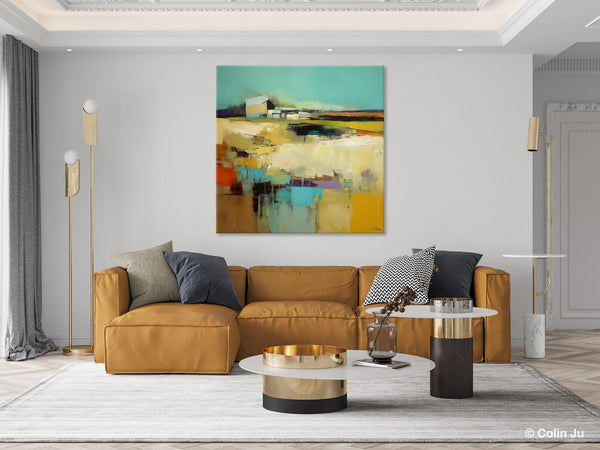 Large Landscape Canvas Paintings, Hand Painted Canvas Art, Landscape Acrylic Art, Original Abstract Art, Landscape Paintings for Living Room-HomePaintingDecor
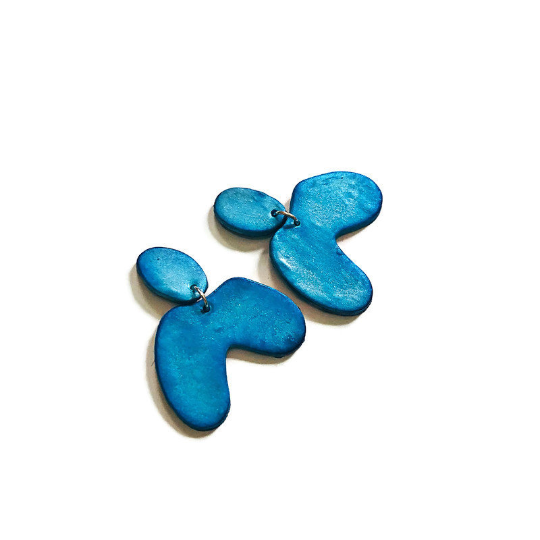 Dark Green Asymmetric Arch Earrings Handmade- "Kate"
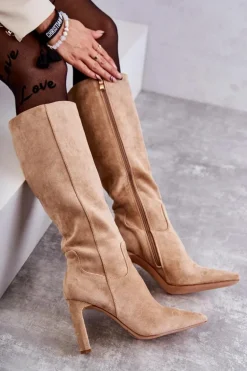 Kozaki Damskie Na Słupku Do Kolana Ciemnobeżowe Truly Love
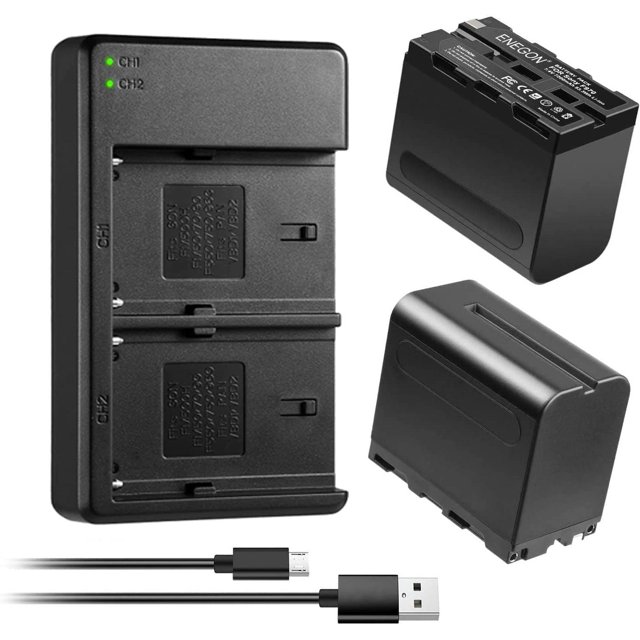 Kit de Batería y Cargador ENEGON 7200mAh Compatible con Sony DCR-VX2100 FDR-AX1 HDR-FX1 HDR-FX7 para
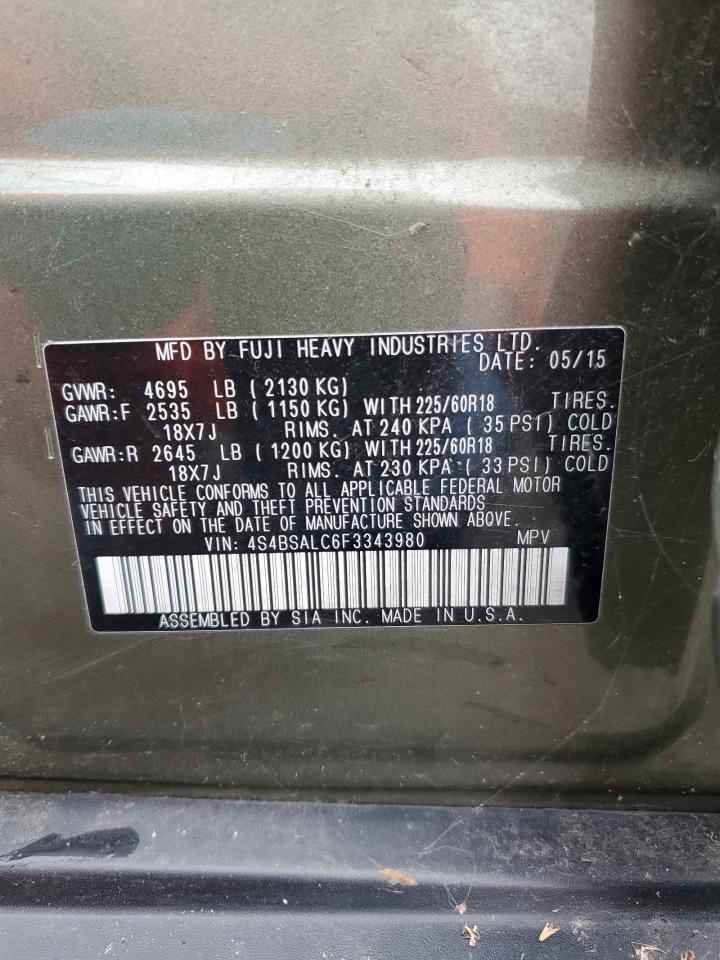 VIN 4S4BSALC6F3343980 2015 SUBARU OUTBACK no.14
+ + + + +
Exercise aim —
Since the pictures are not wanted, transcribe the rest of the listing above exactly.

Task result —
 Large Landscape Canvas Paintings, Hand Painted Canvas Art, Landscape Acrylic Art, Original Abstract Art, Landscape Paintings for Living Room-HomePaintingDecor
 Dark Green Asymmetric Arch Earrings Handmade- "Kate"
 Kozaki Damskie Na Słupku Do Kolana Ciemnobeżowe Truly Love
 Kit de Batería y Cargador ENEGON 7200mAh Compatible con Sony DCR-VX2100 FDR-AX1 HDR-FX1 HDR-FX7 para
 VIN 4S4BSALC6F3343980 2015 SUBARU OUTBACK no.14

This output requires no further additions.